At a site with mains power the gateway and data processor can be the same thing. The architecture of such a system is therefore two-level –

many sensors out in the field
a gateway/data processor

At home I have a Raspberry Pi that collects data from my sensors using a RF board, Ciseco’s Slice of Radio. The same Raspberry Pi runs RRDtool to do the graphing and SFTP to put the graphs onto the web.

Sensor network on a mains-powered sirte - the Raspberry Pi does most of the work — Sensor network on a mains-powered site – the Raspberry Pi does most of the work

At the farm, however, because of the power constraint I need to use a gateway to transfer the data onto the mobile network using SMS.

That sort of site typically consists of three levels –

many sensors, out in the field doing the data collection,
a gateway, that collects all the sensor data
a data processor – that consolidates the data from the sensors, graphs it and saves it, perhaps uploading to the web

So the next stage down from a Pi is something like an Arduino

The Arduino OKG and Sainsmart SMS to serial device reduce power usage by 80%

The Raspberry Pi can be at home so its power consumption isn’t an issue any more. It takes an SMS message of various sensor readings and munges this via Python and some scripts into a RRD database which then goes with RRDgraph. Which gives the single-sensor plot as shown below.

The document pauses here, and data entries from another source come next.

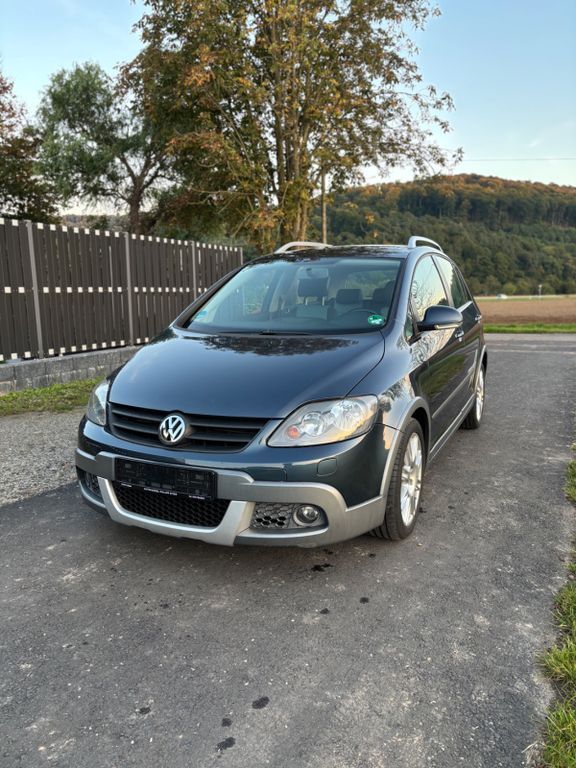VW Golf Plus 148.053 km 4.300 € Fuldatal 34233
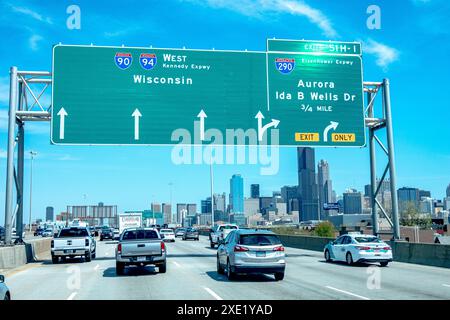 Guida attraverso la città di chicago, illinois, sull'autostrada Foto Stock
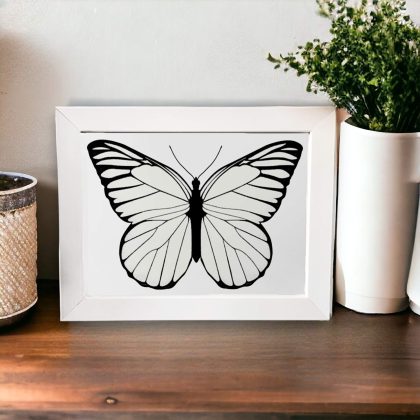 Azulejo decorativo com o desenho de uma borboleta em preto e branco - Modelo 4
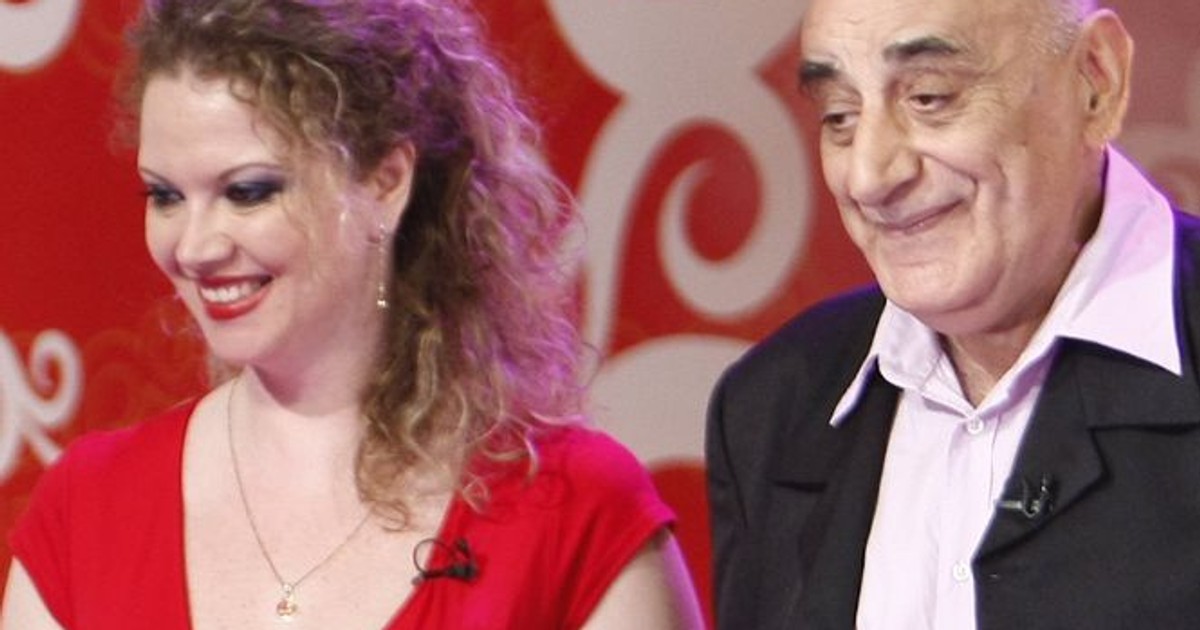 Oana Lis se amuză pe seama soțului.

The battery voltage chart shows that something rather nasty is happening to the main battery – it looks like the charge controller is not disconnecting the solar panels from the battery when the battery voltage is high enough – if so this is the second Kemo charge controller I’ve had from Maplin that has failed in service.

What, no IoT platform?

I’ve gone off third-party IOT services, because the RPi lets me run RRDtool, and shifts the conversion from simple CSV text files to home. I get to control what goes on, I am not subject to the whim of third-party changes, cessations of service, charging for what was free and all the other hurt that goes with relying on people you don’t pay. I found the Xively Arduino stack memory leaky and buggy despite my initial enthusiasm, and now I can run a Raspberry Pi at home I can insource the job, and get the Ethernet stack off the Arduino.

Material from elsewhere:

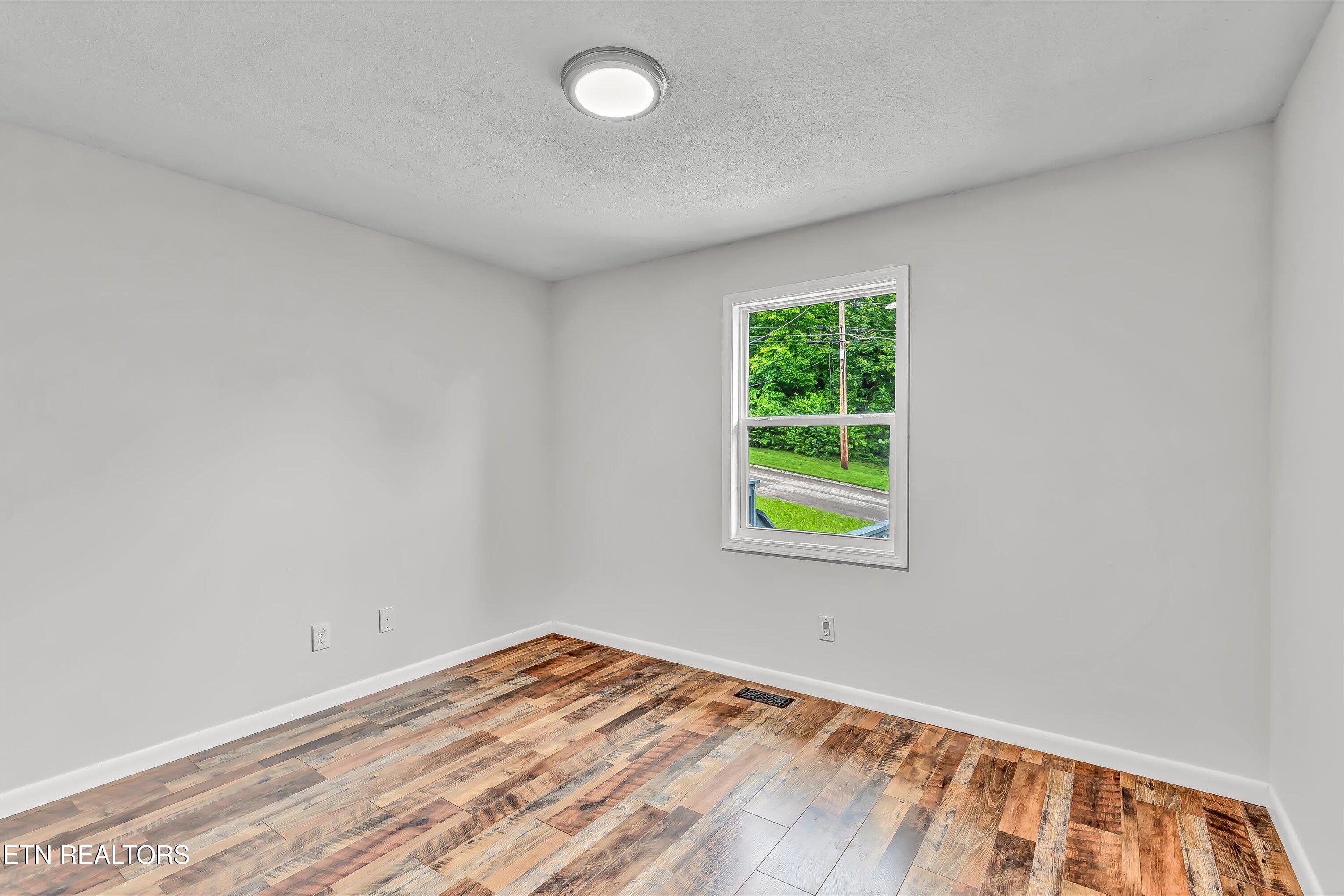 2436 Chukar Road Knoxville, TN 37923 - Photo 16 of 34 Second Bedroom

In that way the data gets processed more as it is staged along the signal path as the processing power of my devices and electrical power available to them increases. Electrical power is shortest at the sensor, which draws an average of about 1mA. It gets consolidated at the OKG gateway, which is powered by a 12V leisure battery and draws about 60mA, handling all the sensors. Once it gets to the Raspberry Pi at home that is mains powered I can live with the 500mA-700mA@5V and that does the collating, data transforming into a RRD database, graphing and uploading to the Web.

Sensor design

For my system architecture I have pinched ideas from the design of industrial process control system – historically these used wired sensors, firstly using 4-20mA analogue signalling using current (this independent of wire resistance). With zero response the sensor would draw 4mA and at full scale it would draw 20mA. These fed into a console for display.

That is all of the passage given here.